Maudite communiste idéaliste!

Par Josée Pilotte

Discussion de bureau. Aux lendemains des élections municipales, jasette entre Josée

Pilotte, éditrice du journal Accès et Thomas Gallenne, rédacteur en chef.

Thomas Gallenne – Josée, ne trouves-tu pas qu’il y aurait un parallèle à faire entre la Une de cette semaine sur l’achat local et les élections municipales, à savoir que tout le monde est pour la vertu, mais quand vient le temps de l’appliquer, il n’y a plus personne? Avec les premiers taux de participation qu’on a pu observer, (qui oscillent encore autour de 45%), on peut parler de déficit démocratique, tu ne trouves pas?

Josée Pilotte – Oui, et comme les élections, l’achat local émane d’une conscience collective. On pense qu’on en a une, mais au final, on n’en a pas. Ça revient à la notion qu’on a tous le droit de chialer, on chiale mais on ne va pas voter. Et pour l’achat local, on voudrait des commerces en santé, mais finalement on préfère aller magasiner chez Wal-Mart. Dans le fond, c’est les bottines qui suivent jamais nos babines. Mais, tu sais quoi Tom, j’trouve surtout qu’on radote!

TG – Peut-être, mais ce que je retiens de ce que tu dis, c’est le terme collectif. Ça fait écho à notre Une de la semaine dernière où on se questionnait sur notre rapport aux espaces collectifs. Et je pense que c’est aussi une question d’éducation. J’ai l’impression que la société québécoise a mis l’emphase sur le développement de l’individu en évacuant la dimension collective, en évacuant le fait que l’on fait tous partie d’un tout…

JP – Ça me fait penser et ça m’a toujours impressionné – touché même – de voir toutes les grandes places, de sentir un esprit collectif en Europe. En Turquie, en Grèce, en France, en Espagne, de voir les vieux souvent assis sur la place, en train de boire un café, avec les jeunes qui jouent autour… Tu les entends gueuler, faire quelque chose, tu sens la vie quoi! C’est sûr que l’on vit dans un pays nordique, un peu plus renfermé, mais nos villages, nos villes ne se sont pas construits autour de cet espace public et commun. Au fond, on n’a pas d’espace commun, on vit dans des communautés certes, mais des communautés individualistes, ce qui est plutôt dichotomique, tu ne trouves pas?

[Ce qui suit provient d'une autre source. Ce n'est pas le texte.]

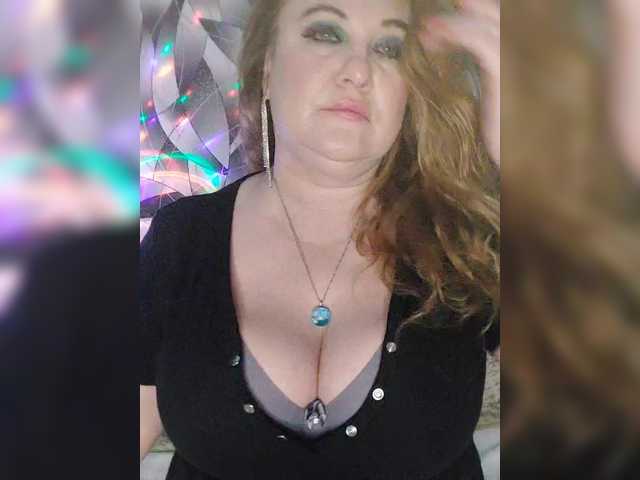 milli1983's BongaCams show and profile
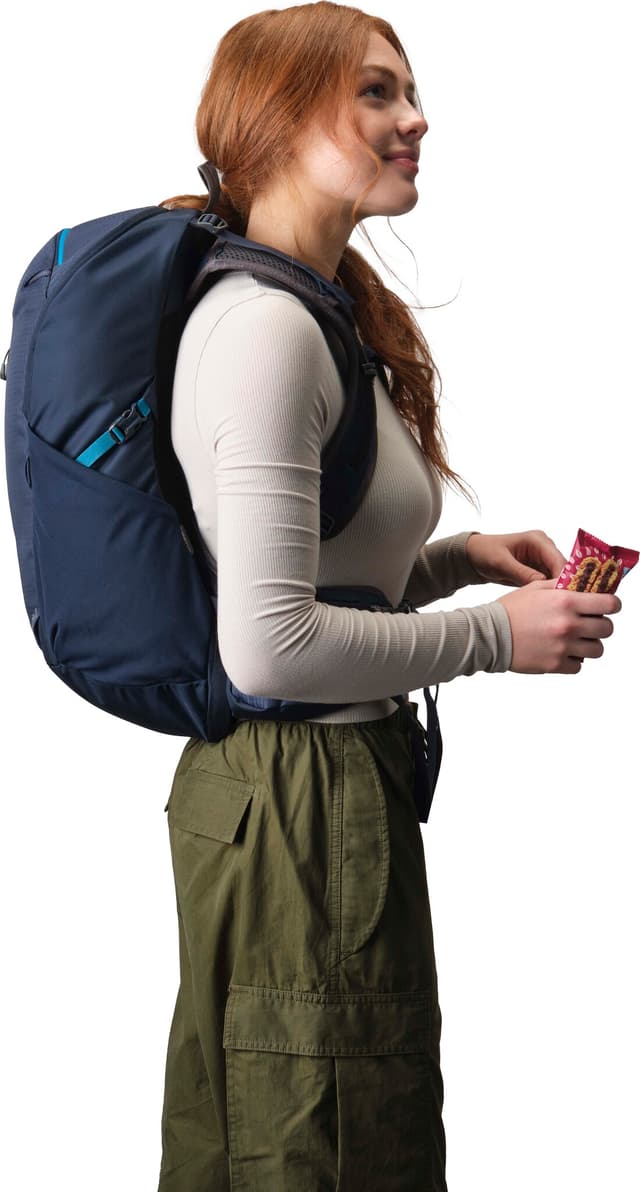 Gregory Jade LT Daypack 24L - Women's | Altitude Sports
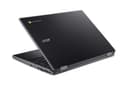 Acer CB Spin 512 Int-N150 8GB 128GB COS thumbnail 11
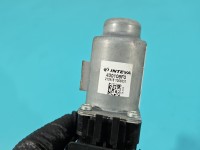 Podnośnik przód prawy SZYBY WINDA Hyundai I30 III 16- Hyundai, silniczek 82460-G4010 5d HB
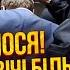 ЖИРНОВ Теракт в Москве НА СЛЕДУЮЩЕЙ НЕДЕЛЕ Это задумка Патрушева США уже знают план в деталях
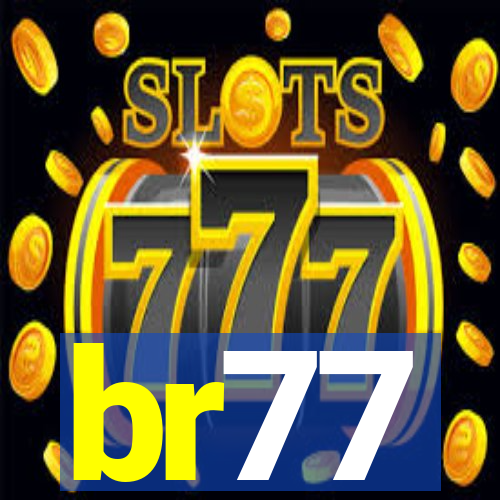 br77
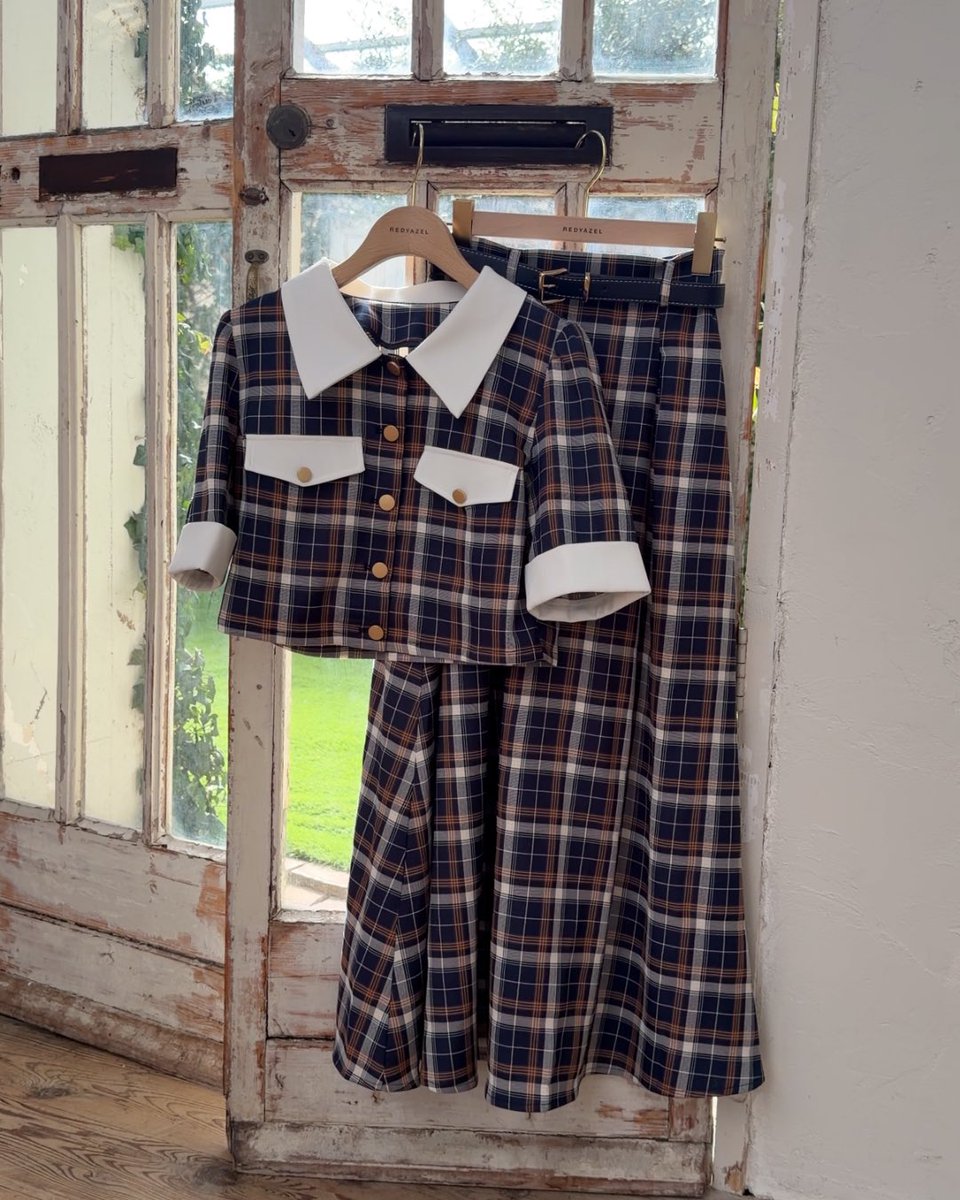 REDYAZEL tweet media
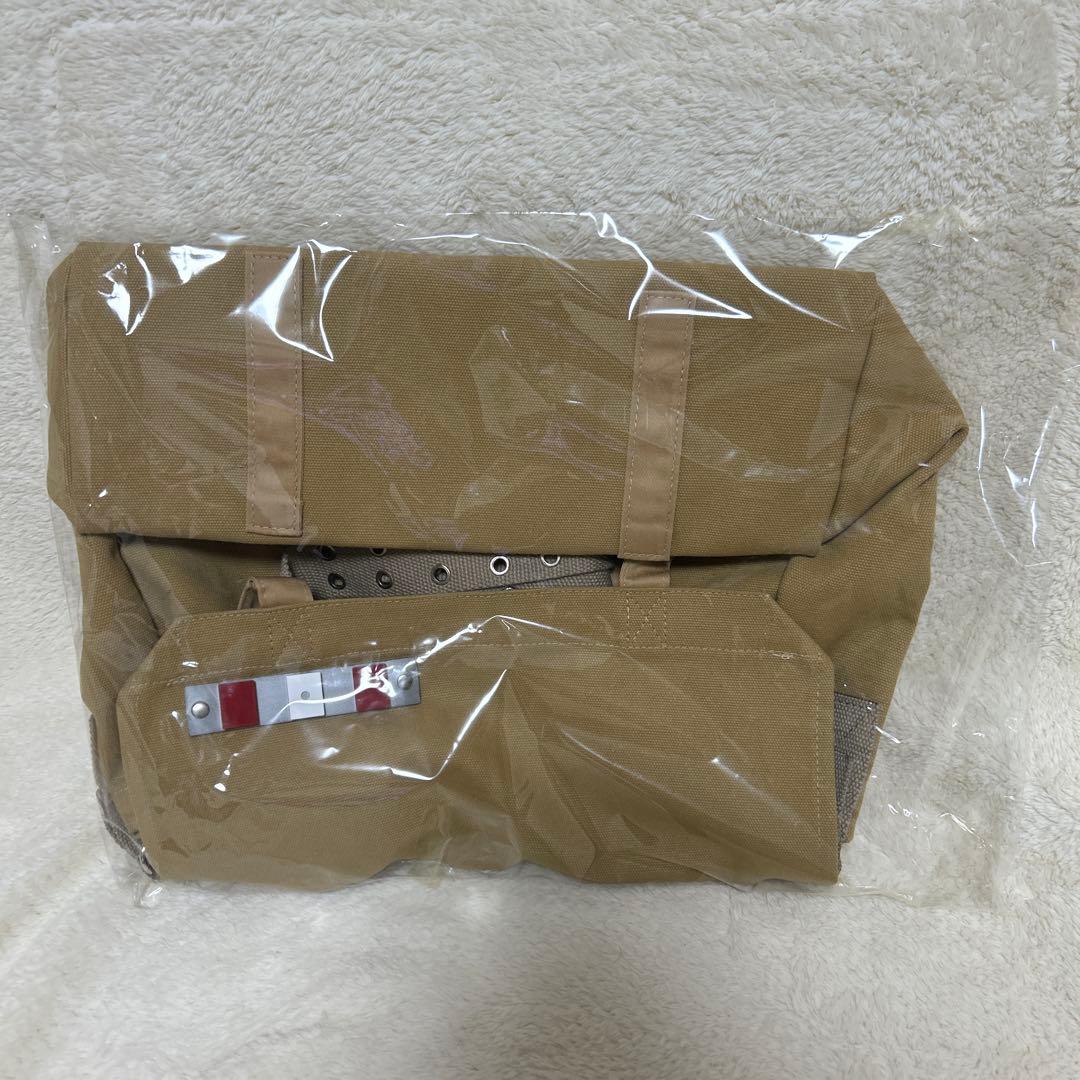 ホットトイズ　STAR WARS Grogu LIFE SIZE フィギュア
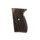 KSD Sig Sauer P230/P232 gungrips walnut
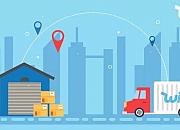 WishPost部分物流渠道及路向将被关闭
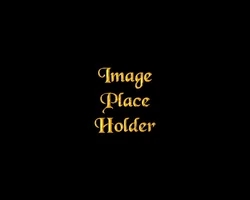 Place holder.jpg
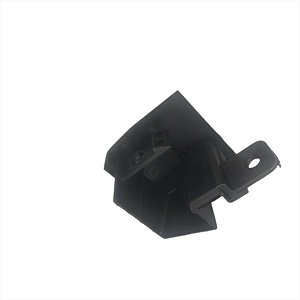 Arremate Superior Direito da Porta Forno Eletrico A09133401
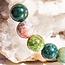 Fancy Jasper Bracelets - 8mm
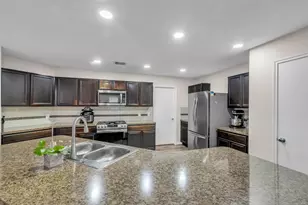 12626 Mint Fld, Houston, TX 77066 - Photo 7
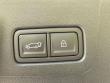 New 2026 Hyundai Santa Fe Calligraphy AWD SUV near Belmont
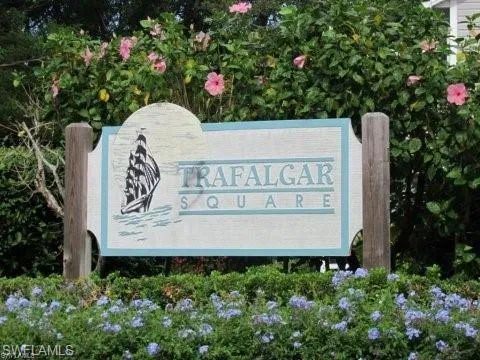 $2,095 | 1494 Trafalgar Lane, Unit N201, Naples, FL 34116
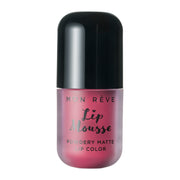 LIP MOUSSE 07 VIENNA RLMON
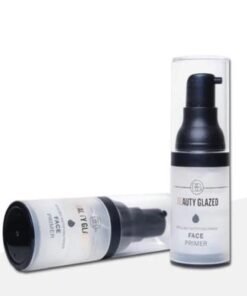 Alternative view of Beauty Glazed Infallible Mattifying Primer - 15ML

TG – Pendant que tu me parlais, cela m’évoquait deux lieux de vie que je connais: le Plateau-Mont-Royal et Val-David. L’un en ville, l’autre en campagne. Mais aux deux endroits, on sent une vie de quartier, une vie communautaire. Tu connais tes voisins. Je n’ai jamais aussi peu connu mes voisins que depuis que je vis dans le nord…

JP – C’est tellement vrai Thomas. Je suis restée pendant 15 ans sur le chemin des Hirondelles à Morin-Heights, et je ne connaissais pas mes voisins! C’est grave là!

TG – J’ai parlé la semaine dernière à un résident de Val-David qui a choisi de s’y établir pour sa vie de village, sa vie communautaire. Il me semble que c’est une communauté qui s’est mobilisée face à des enjeux collectifs. Ailleurs, plus souvent qu’autrement, je remarque que c’est le syndrome NYMBY (pas dans ma cour) qui fait réagir plus promptement les gens.

JP – On a l’impression que les gens ne comprennent pas les enjeux…

J’ai un client que j’essayais de conscientiser sur le fait que l’on vit dans une communauté d’affaires et que c’est important de se soutenir… et qu’on fait des choix d’affaires selon nos valeurs…

J’ai une entreprise qui engage 15 personnes, c’est pas rien. Y’a des familles à nourrir en arrière de ça. J’essaie de conscientiser et je me suis fait répondre: «Josée, Josée, Josée… mon  »engagée » – à moins qu’il m’ait traitée d’enragée –c’est bien beau, mais moi, j’ai décidé que je tirais la plogue sur tout le battage médiatique, la politique, les histoires d’horreur…, bref que je faisais ma petite affaire», qu’il m’a répondu.

Et bien, dans l’absolu c’est beau, mais dans la vraie vie, on peut pas bâtir une société sur des valeurs uniquement individualistes et de profit. C’est ce que je crois!

C’est pas des farces: je raccompagnais l’ami de mon fils de 13 ans et en sortant de l’auto, je lui ai crié de rappeler à ses parents d’aller voter. Mon chum m’a regardé l’air de dire: «Elle est complètement folle!»…

Dans le fond, je me demande: «Est-ce qu’on est des idéalistes? Est-ce que c’est ça travailler à éveiller les consciences? C’est-tu exagéré de penser ça?»

TG – «Josée, je pense juste que tu es une maudite communiste, collectiviste…» (Sourire).